Entre sus voces se encuentra la de Él, un lector de cuna, con una pasión por la literatura que siempre ha estado en su vida y fue heredada de sus padres. También escuchamos la vida de Ella, Isa, una adolescente de 14 años con problemas de autoestima y sobrepeso cuyos días pasan en la búsqueda de una heroína como sí misma entre las páginas. Finalmente, de los tres personajes continuos, tenemos a Yo, Julián (quien en sí tiene mucha de la historia del propio autor), un adolescente quien está decididamente peleado con los libros, aborreciéndolos por la idea que se le ha inculcado sobre ellos. Y otras historias hay, como aquella que aparece en Efectos colaterales, esa que relata la vida de un poeta en ciernes, o las de Ellos: un adulto con subempleo, un preso de guerra e incluso la vida de un sobreviviente de la segunda guerra mundial.
Sus personajes, tan reales como sencillos, son el conducto ideal para lanzar una poderosa idea: todos somos iguales, porque mientras el amor por los libros arda dentro de nuestros corazones, seremos todos ciudadanos de lo que Benito llamó “La Democrática República de los Lectores”.

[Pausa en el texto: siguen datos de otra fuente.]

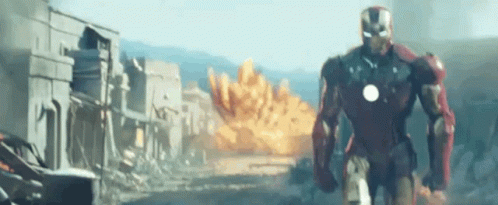 Iron Man Walking Away GIF - Iron Man Walking Away Explosion GIFs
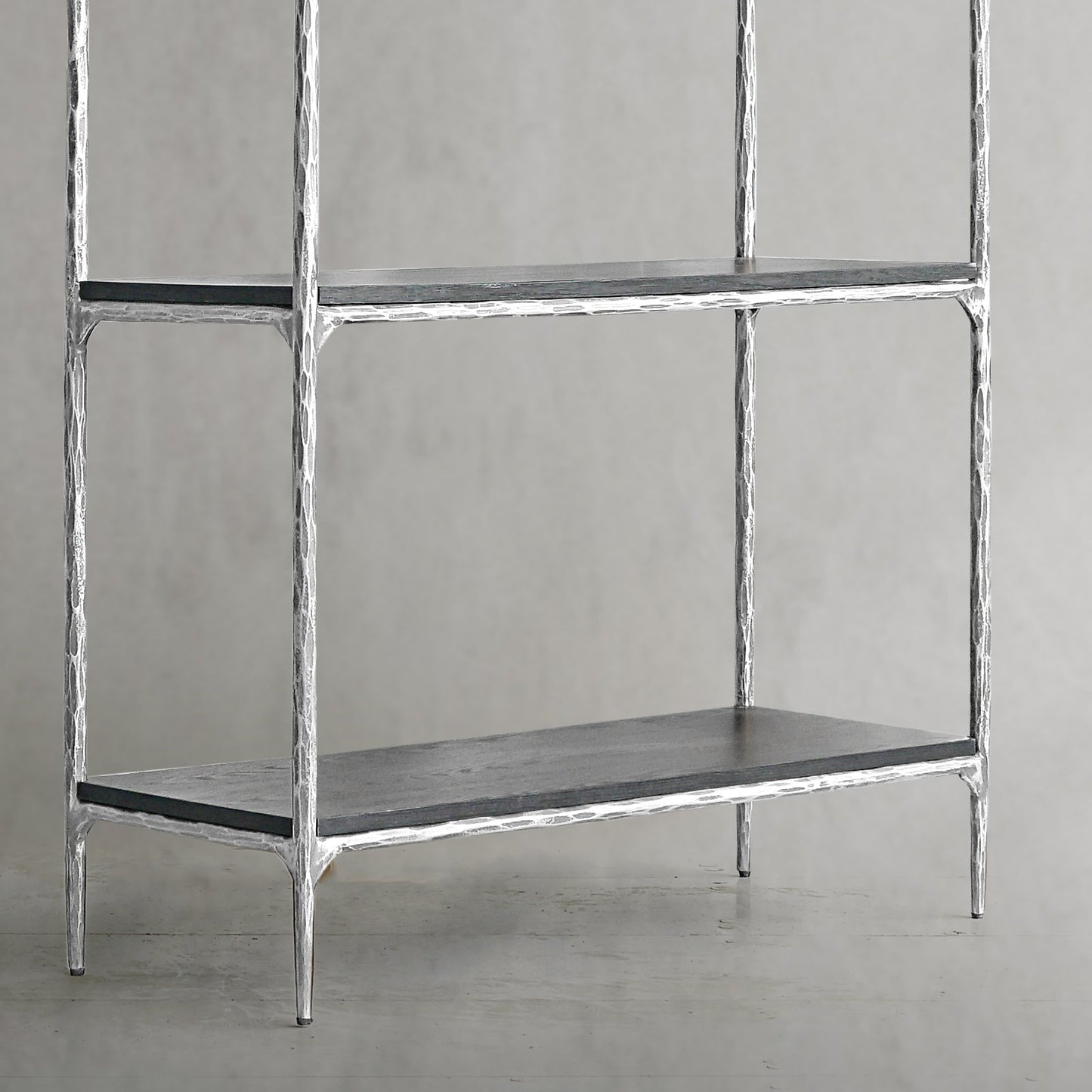 Hand Forged Metal White Marble Shelving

Y como si eso no fuera ya suficiente, por medio de una historia basada parcialmente en la vida del autor, muestra también la realidad de la incompetencia del sistema educativo en relación a la enseñanza de la literatura y su errónea manera de acercar a los niños a ella.
“…Entonces yo estaba peleado con los libros. Me parecían instrumentos diabólicos con los que se torturan adolescentes… incluso, y eso me apena muchísimo, la biblioteca de nuestro colegio se usa para castigar a los alumnos. Una especie de calabozo, por llamarlo de alguna manera.”
Este es un libro definitivamente revolucionario. Y no por estar en contra del gobierno o algún partido político, sino porque logra hacer que veas las cosas de otra perspectiva, que salgas de tu zona de confort mental y sobretodo que te deshagas de tus estereotipos. Es, a pesar de su aparente sencillez, un libro que rompe; rompe con las ideas preconcebidas que tenemos de las cosas, de las personas.
“Los libros no pueden cambiar al mundo, pero sin duda, cambian al niño que puede cambiar al mundo.”